Patents grant monopoly rights over an invention for a fixed period of time. It allows the inventor to commercialise their invention by either:
Patents ensure that competitors in the marketplace cannot manufacture your invention without your authority to do so.
You may apply for patents in many different countries. IP Australia can perform an international type search on your invention once you have filed a provisional patent. This will help you to determine the likelihood of a granted patent before you make a heavy investment to patent in multiple countries.
Patents can focus on being the end user product or can be a component in the end user product. For example, an iPhone contains multiple patents that Apple have purchased or licensed to include within it. Thomas Edison developed the light globe by purchasing several other patents, extracting certain parts and creating one end user product.
Skilled experts must prepare patents, as their wording is extremely important. You always need to consider that someone is going to try and copy your invention. You cannot draft the patent and later claim that you did not mean it in that way.
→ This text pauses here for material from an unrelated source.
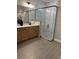 Spa-like bathroom with walk-in shower and double vanity at 1554 Outback W Rd, St Cloud, FL 34771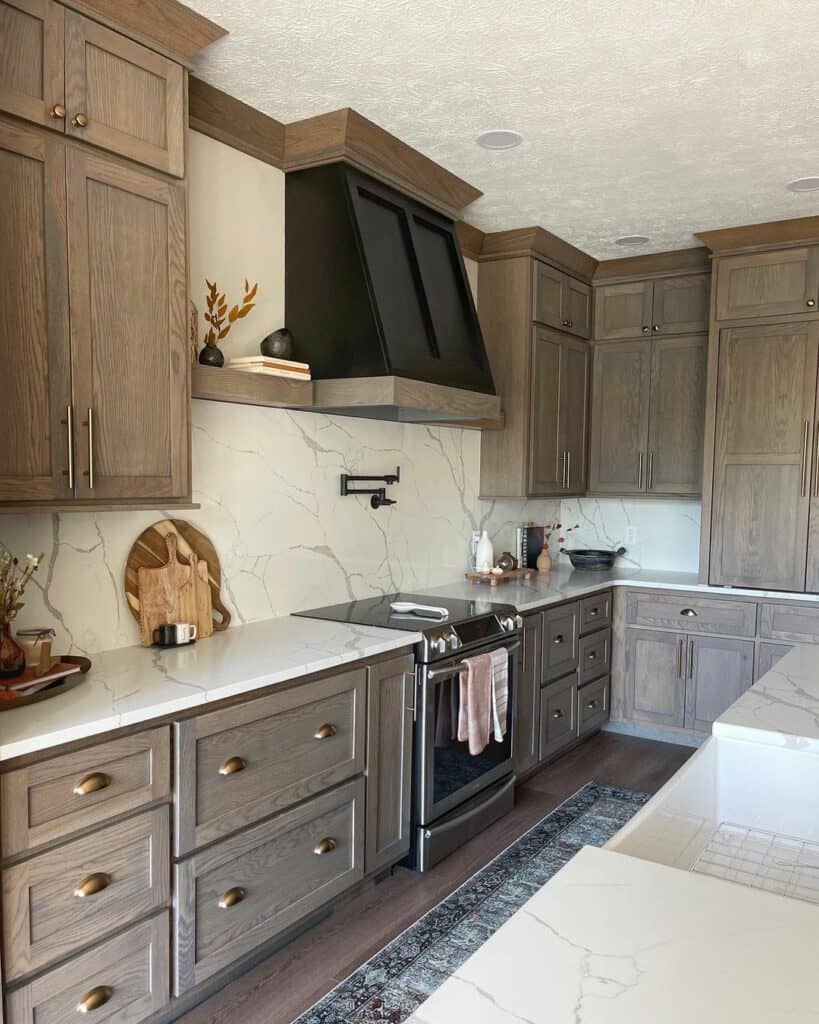 Black Range Hood and White Marble Backsplash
If there is money to be made from your invention, others will seek to find weaknesses in your patent and attempt to erode your monopoly rights.
The two patents that exist are standard patents and innovation patents. The first deals with inventions while the latter deals with innovations. There are specific differences.
A provisional patent allows you to file your application with IP Australia, with 12 months to file the standard full application. This allows you to gain the earliest possible priority date against possible competitors, without having to commit yourself to the time and expense of a standard full application.
Provisional patent applications give you time to assess the economic benefits of pursuing the full standard patent. You will be able to talk to potential customers and possible licensees to establish the commercial viability of the patent.
It is obviously difficult to talk to customers and possible licensees even with a confidentiality agreement in place prior to submitting any patent application.
IP Australia will not disclose the workings of a provisional patent, but will disclose the invention title and the applicant’s name.
Standard patents are for inventions. They provide protection for 20 years from the date you file your full application and 25 years for pharmaceutical substances.
You can apply for standard patents in Australia or overseas. You can make overseas applications in each individual country or under the patent co-operation treaty (PCT). A PCT application can see your application submitted to 148 different countries.
In order to qualify for a patent, the public cannot have had the invention disclosed to them. Only the professionals involved in the patenting process may have had the invention disclosed to them.
A patent will only be granted when, compared to the prior art base (other inventions), the invention is novel, new, and involves an inventive step and it has a commercial application. An invention involves an inventive step If a step is not obvious to anyone that is skilled in the appropriate, relevant area.
Innovation patents are for innovations that do not meet the threshold of an invention. They last 8 years and must be renewed each year. An innovation capable of obtaining protection is one that improves and significantly changes the workings of another invention.
Innovation patents are not examined by IP Australia. However, you can request an examination in order to obtain the necessary protections from an innovation patent. Without an examination the patent protection is unenforceable.
You must make individual applications for innovation patents in each country that you seek protection. They are not subject to any co-operation treaty in this regard, which you will find with standard patents.
An innovation patent can be a very effective way to improve and then monopolise working improvements to everyday inventions both new and old.